What to produce:
Go through the data and copy every line exactly, but not the images.

Supplied material:
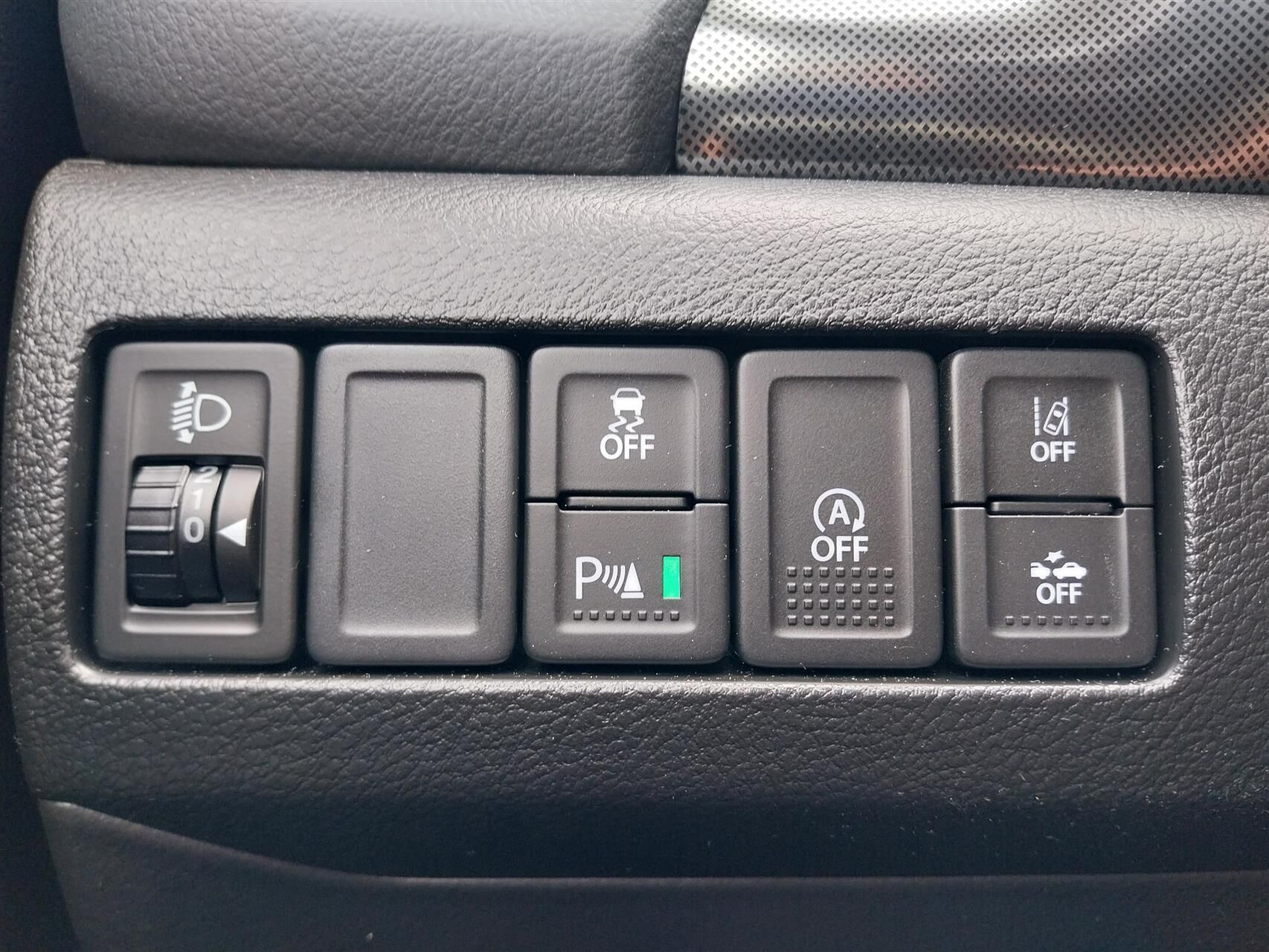 Billede af Suzuki Vitara 1,4 Boosterjet  Mild hybrid Adventure 129HK 5d 6g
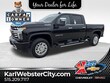  Chevrolet Silverado 2500 HD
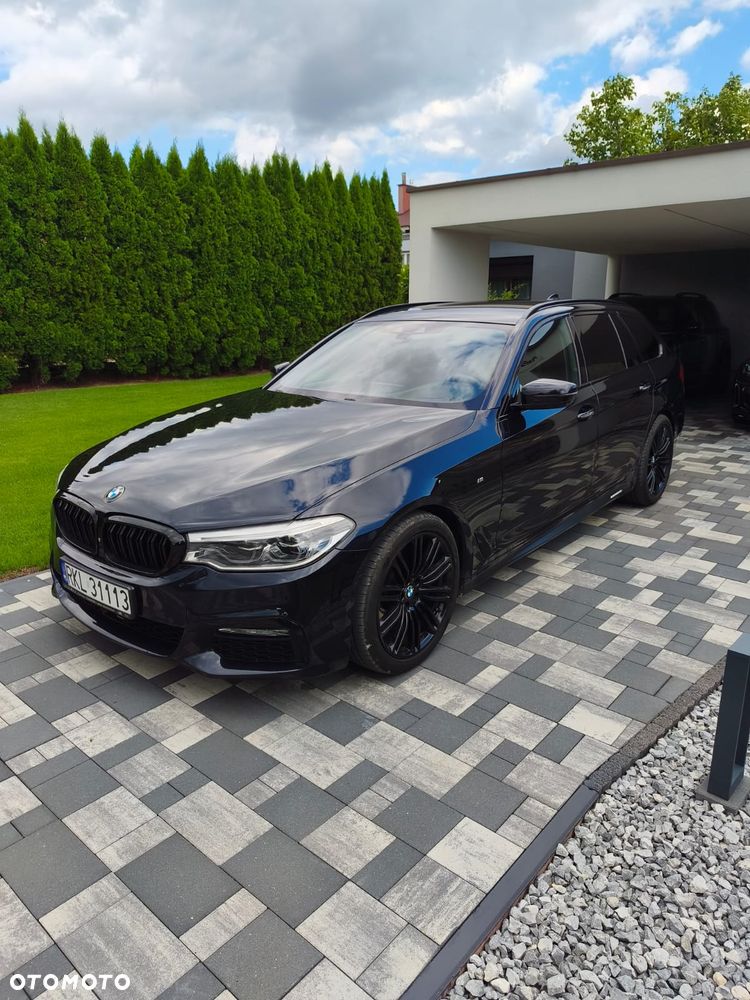 BMW Seria 5 - 9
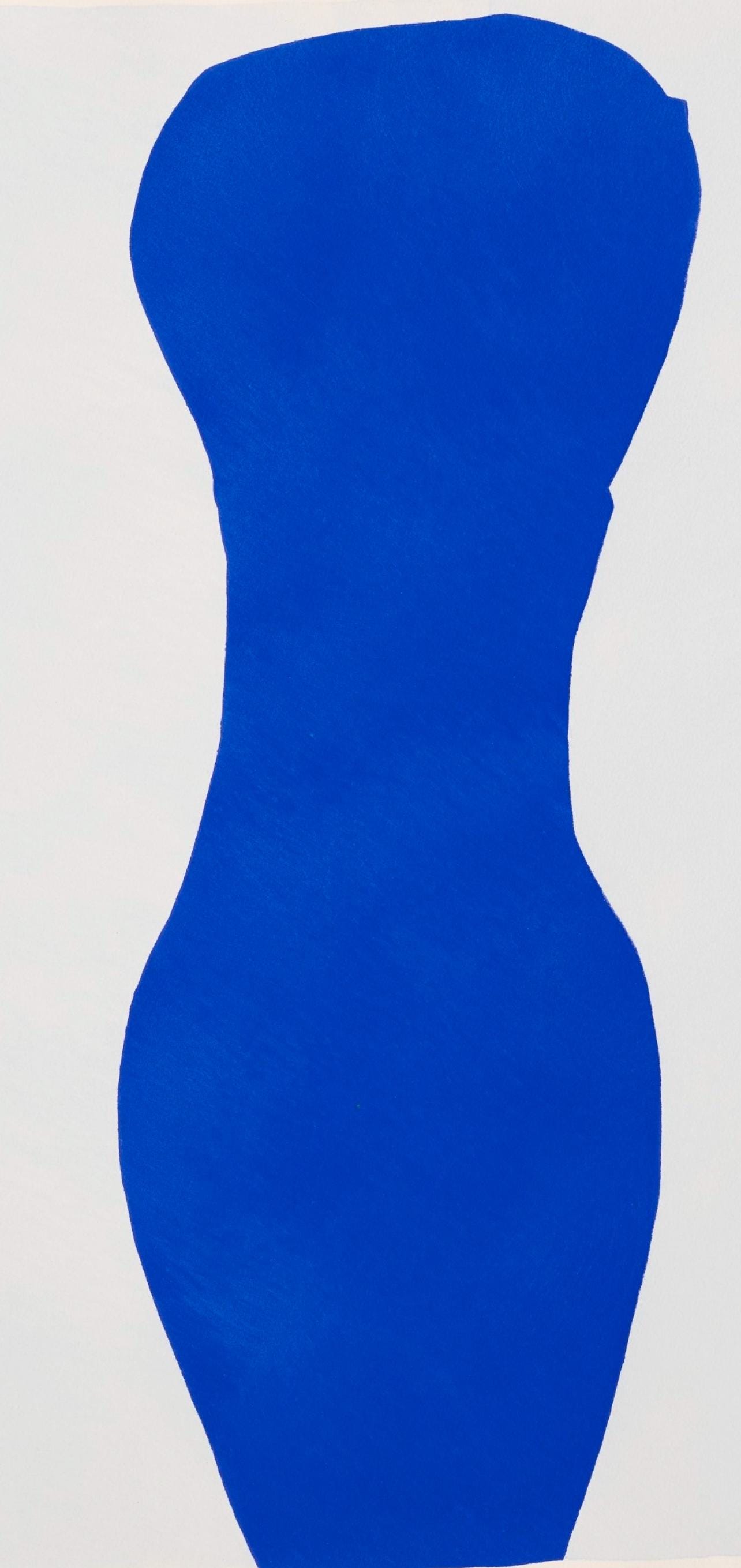 Henri Matisse, Formes, Jazz, Special Edition For The Museum Of Modern Art, Hliogravure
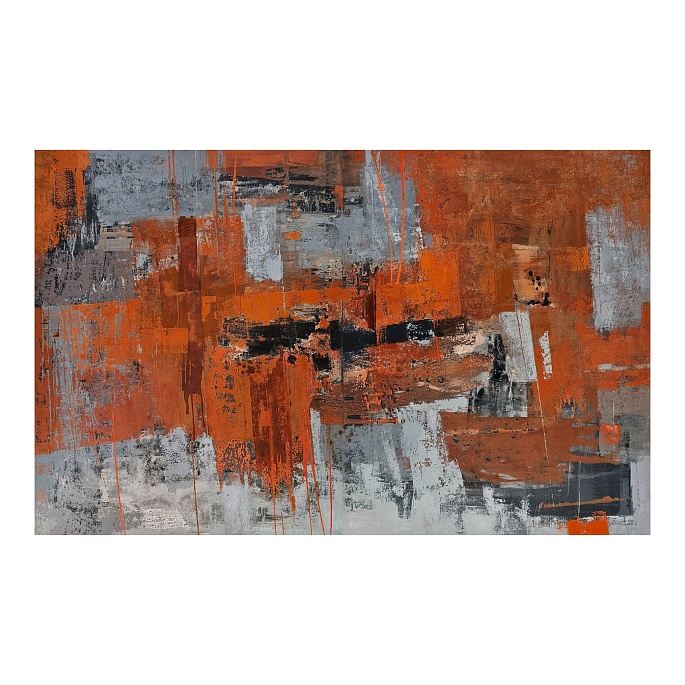 Полет валькирий. Диптих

Task solution:
 Billede af Suzuki Vitara 1,4 Boosterjet  Mild hybrid Adventure 129HK 5d 6g
  Chevrolet Silverado 2500 HD
 BMW Seria 5 - 9
 Henri Matisse, Formes, Jazz, Special Edition For The Museum Of Modern Art, Hliogravure
 Полет валькирий. Диптих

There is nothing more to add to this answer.